TASK STATEMENT
Exact duplicates of the lines from the top of the data through the line containing "Joe Biden, Barack" are needed, with every picture left out.

RECORD SET

########################################

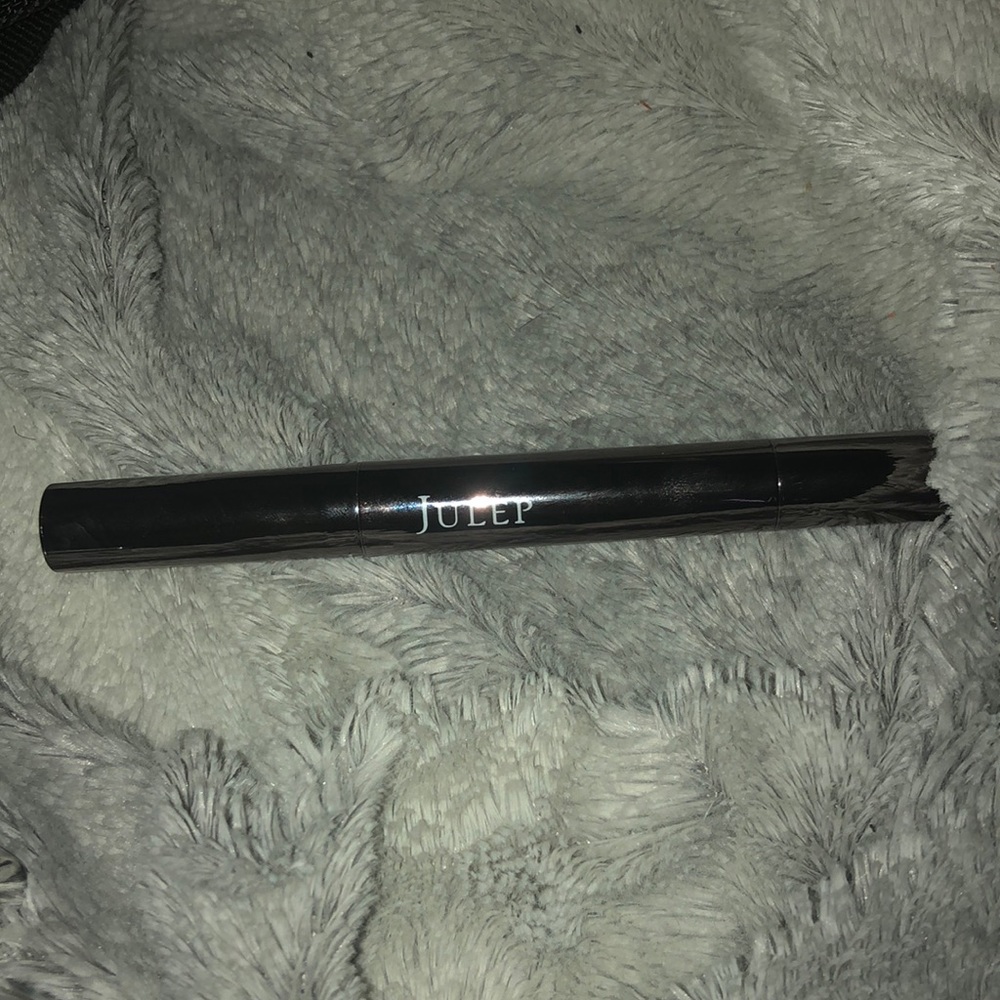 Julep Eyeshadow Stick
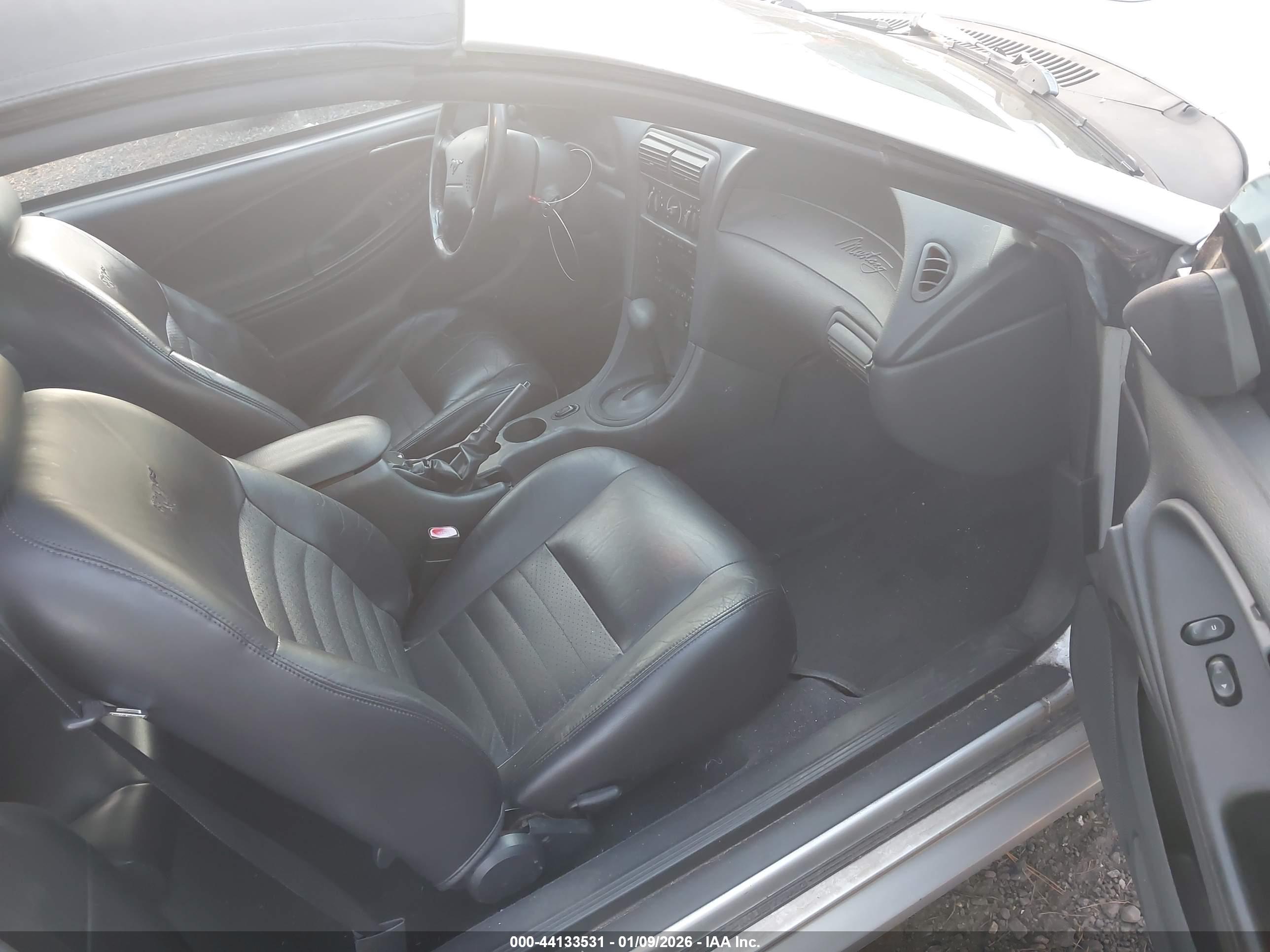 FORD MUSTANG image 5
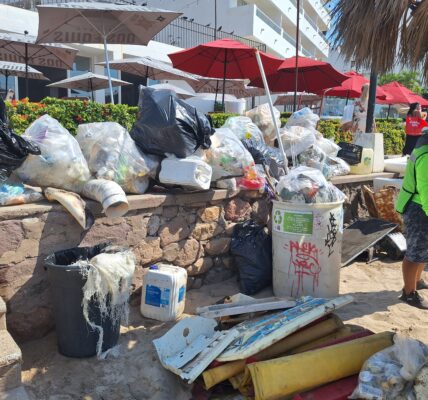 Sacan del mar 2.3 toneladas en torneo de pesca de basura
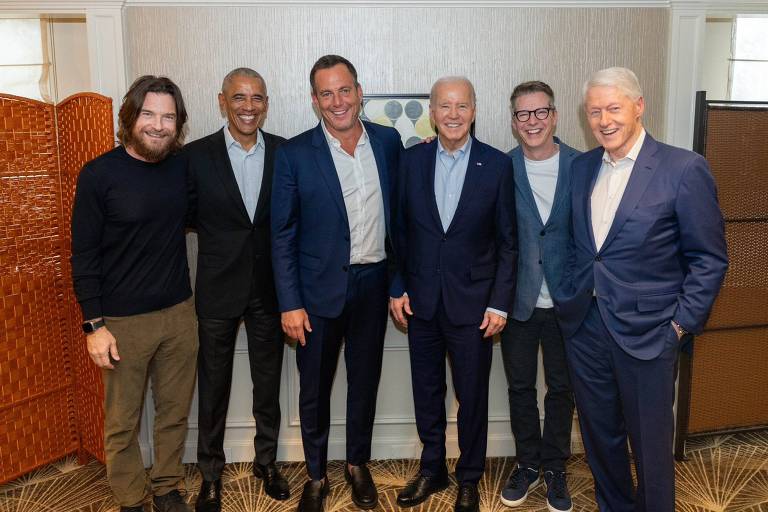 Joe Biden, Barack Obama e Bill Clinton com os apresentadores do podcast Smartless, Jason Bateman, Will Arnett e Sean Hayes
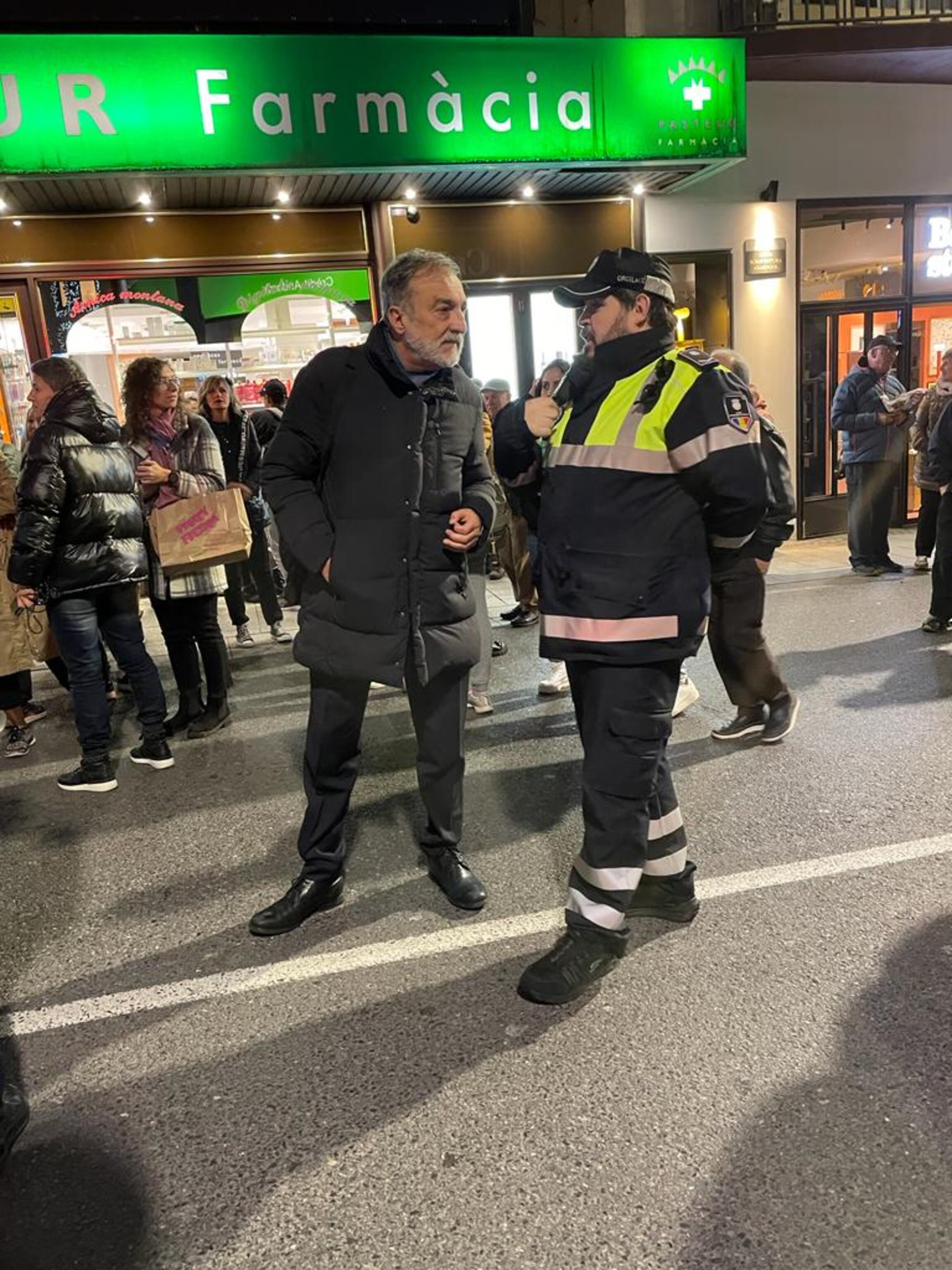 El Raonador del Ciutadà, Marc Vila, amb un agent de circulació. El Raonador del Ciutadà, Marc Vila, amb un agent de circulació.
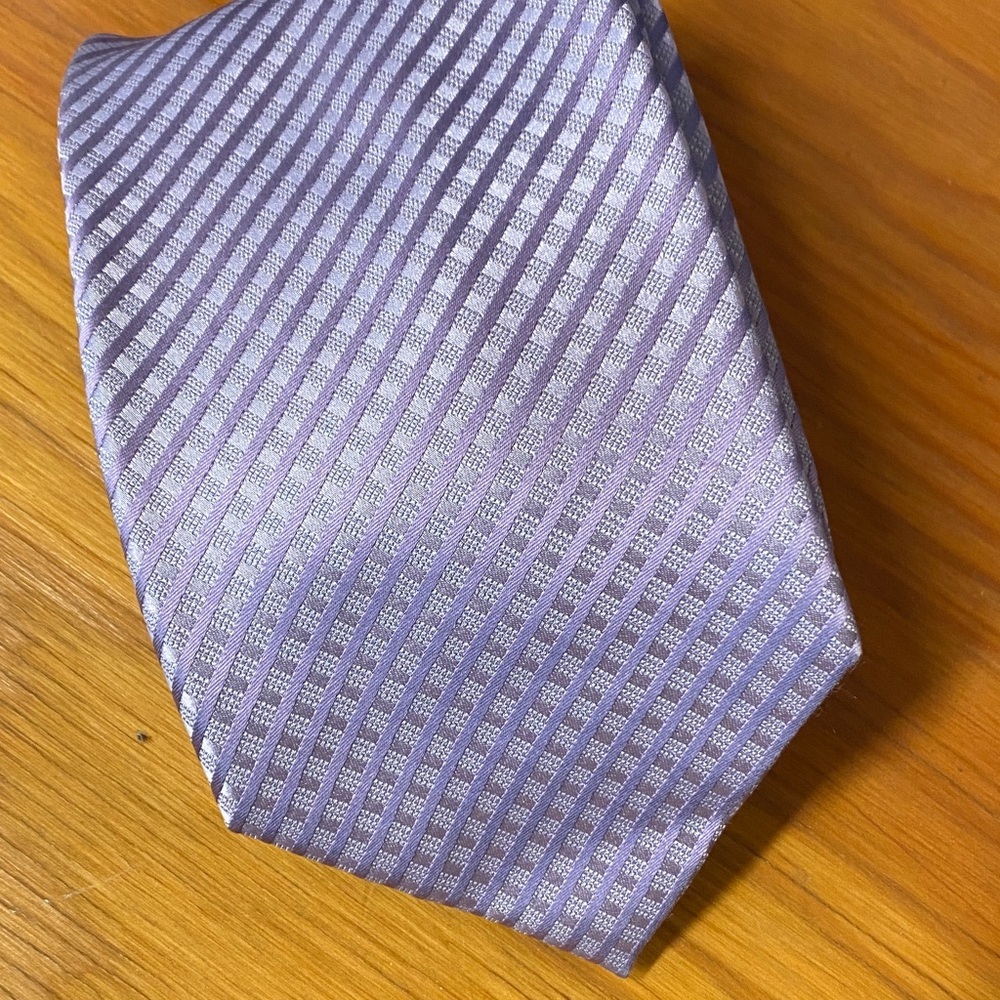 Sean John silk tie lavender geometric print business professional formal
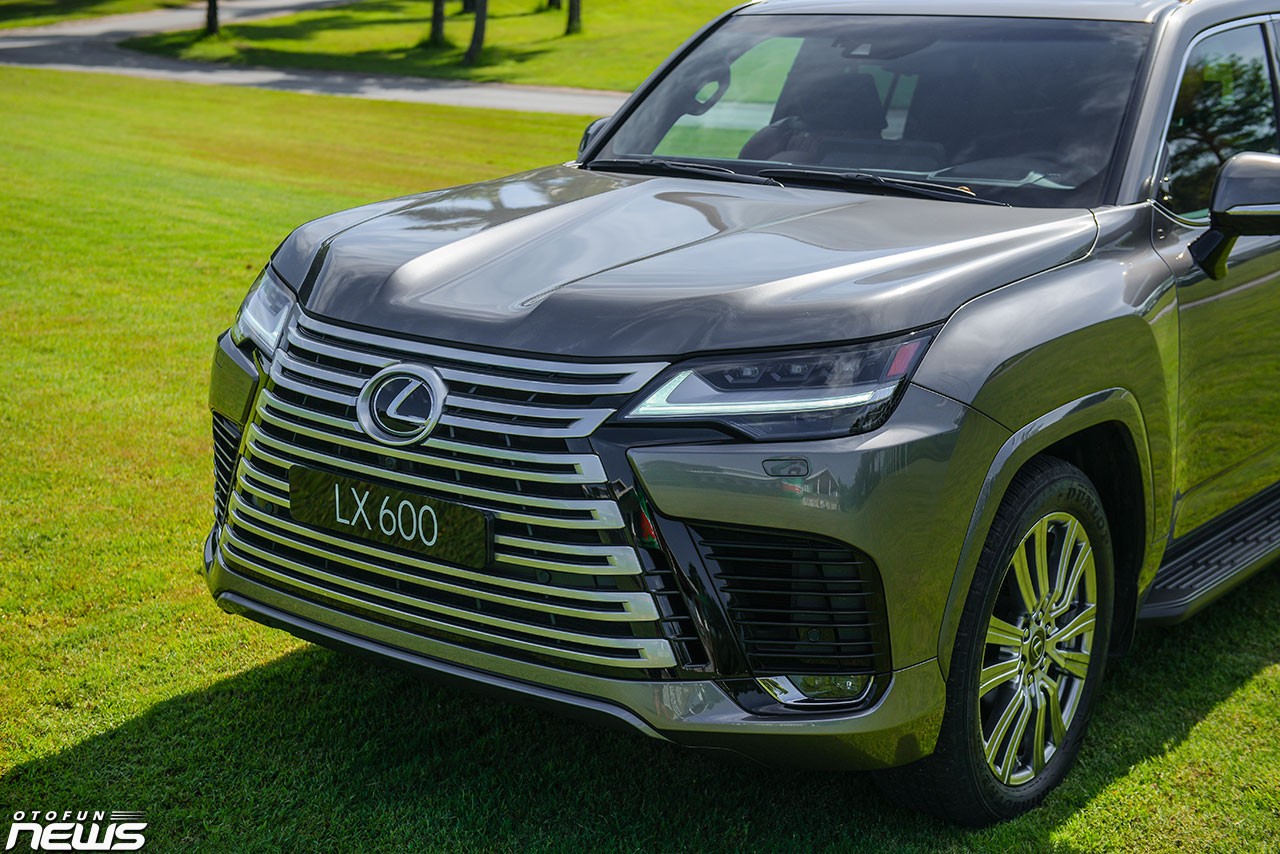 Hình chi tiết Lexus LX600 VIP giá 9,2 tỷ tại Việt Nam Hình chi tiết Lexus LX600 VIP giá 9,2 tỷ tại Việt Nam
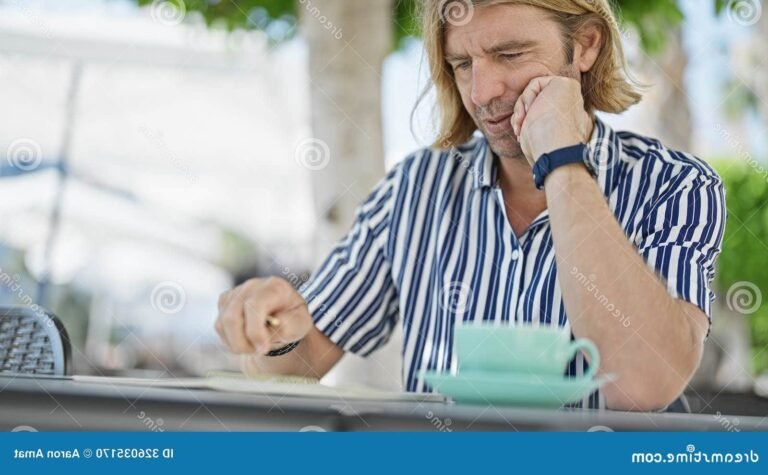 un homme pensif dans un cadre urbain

########################################

RESPONSE BOX
 Julep Eyeshadow Stick
 FORD MUSTANG image 5
 Sacan del mar 2.3 toneladas en torneo de pesca de basura
 Joe Biden, Barack Obama e Bill Clinton com os apresentadores do podcast Smartless, Jason Bateman, Will Arnett e Sean Hayes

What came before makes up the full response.